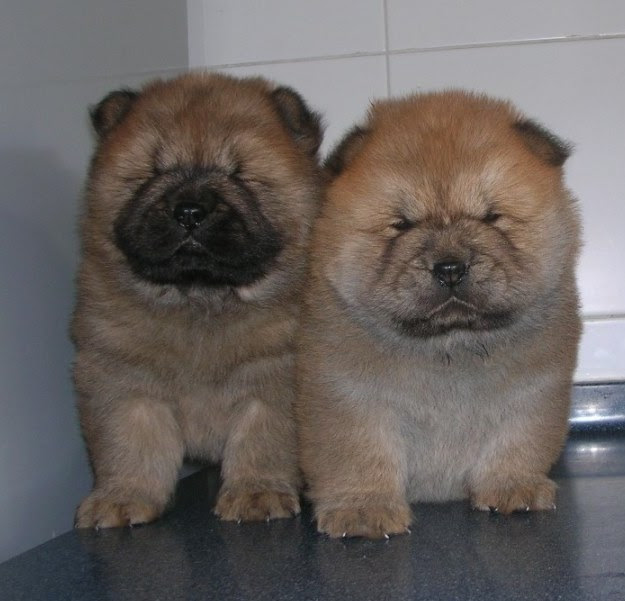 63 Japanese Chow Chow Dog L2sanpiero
---
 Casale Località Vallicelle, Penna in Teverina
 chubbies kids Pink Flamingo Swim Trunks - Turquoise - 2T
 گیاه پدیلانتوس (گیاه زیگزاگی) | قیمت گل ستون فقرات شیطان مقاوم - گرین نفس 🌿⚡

Problem statement: Given the records above, restate word for word only the lines starting at the one with "chubbies kids Pink" and ending at the one with "گیاه پدیلانتوس (گیاه".

Task output:
 chubbies kids Pink Flamingo Swim Trunks - Turquoise - 2T
 گیاه پدیلانتوس (گیاه زیگزاگی) | قیمت گل ستون فقرات شیطان مقاوم - گرین نفس 🌿⚡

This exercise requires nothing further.